自動車税についての知識
2017.07.28

赤いトラック消費税、所得税、固定資産税。大人になり、社会における地位が上がるにつれて、支払う税額も増していきます。車を保有されていると、これに加えて自動車税も払わなければなりませんから、頭が痛い思いをされている方もいらっしゃることでしょう。日本の自動車税というものは不思議なシステムになっていて、ただ持っているだけで、駐車場に置いてあるだけで税金を払わなければなりません。冷静に考えてみれば、インテリアや彫像のように置きっぱなしだったとしても、お金だけはきっちりと持っていかれるというのは、理不尽な気もします。
税額については、車両の種類によっても変わってきますが、まずは一般的な乗用車から見ていきましょう。乗用車の税額は、排出量の多寡に応じて段階的に上がっていくという方式を採っています。次に大型車両のトラックやバスですが、前者は積載量、後者は定員に応じて高額になっていきます。このように見ていくと、自動車税は排気ガスをどれだけ出すか、という観点で税額が設定されていることがわかるかと思います。トラックやバスは重いものを運べばそれだけ馬力がいる、馬力を出すには燃費がかかる、燃費がかかれば排気ガスの量も増えるのです。

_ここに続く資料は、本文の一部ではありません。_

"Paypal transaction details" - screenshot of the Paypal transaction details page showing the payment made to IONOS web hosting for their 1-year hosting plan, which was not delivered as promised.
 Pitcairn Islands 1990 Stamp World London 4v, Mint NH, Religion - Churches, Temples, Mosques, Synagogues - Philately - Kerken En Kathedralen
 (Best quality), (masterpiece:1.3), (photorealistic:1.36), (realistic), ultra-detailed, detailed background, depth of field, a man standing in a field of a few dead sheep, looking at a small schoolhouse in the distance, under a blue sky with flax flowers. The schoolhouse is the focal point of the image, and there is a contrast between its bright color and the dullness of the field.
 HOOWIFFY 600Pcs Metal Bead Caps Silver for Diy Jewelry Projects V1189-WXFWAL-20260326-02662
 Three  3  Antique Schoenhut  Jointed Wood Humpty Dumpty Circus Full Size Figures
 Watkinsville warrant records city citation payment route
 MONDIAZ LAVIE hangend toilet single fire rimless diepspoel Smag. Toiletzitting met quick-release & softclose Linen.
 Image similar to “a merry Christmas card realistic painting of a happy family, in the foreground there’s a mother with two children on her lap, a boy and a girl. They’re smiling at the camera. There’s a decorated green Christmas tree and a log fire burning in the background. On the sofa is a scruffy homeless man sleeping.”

地球温暖化が進む中、世界全体とりわけ先進国が温室効果ガスをいかに削減するかが、国際的な課題となっています。先日パリ協定の脱退を表明したトランプ大統領が記憶に新しいところですが、日本はこの協定に遅ればせながら批准しました。こういった流れを勘案すれば、排ガスに絡めて徴収する自動車税というのも、それなりに説得力はあります。地球に負担をかけているのだから、とエコの発想をまじえて考えれば、この税金も納められます。しかし、それでも釈然としないのは自動車税とは別にある自動車重量税の存在でしょう自動車税が所有に対してかかる税でしたが、自動車重量税は所有している車の車検の際にかかる税です。表現を微妙に変えましたがこの二つの税は、実は税をかけている対象は同じ「所有している車」なのです。自動車重量税は、名目上は「自動車の重さ」にかけられるのですが、実質的には税の二重取りに近いのです。自動車業界は以前から、この状況を改善するよう政府に働きかけていますが、業界の要望は通っていません。自動車会社からすれば、自動車関連の税の重さが、消費者の購買意欲を削いでいるのではないかと考えているのです。
簡単ながら、自動車税にまつわる知識を述べてみました。近年では車を持たない方も増えていますが、自動車の税法が改正されれば、この状況にも変化がおとずれるかも知れません。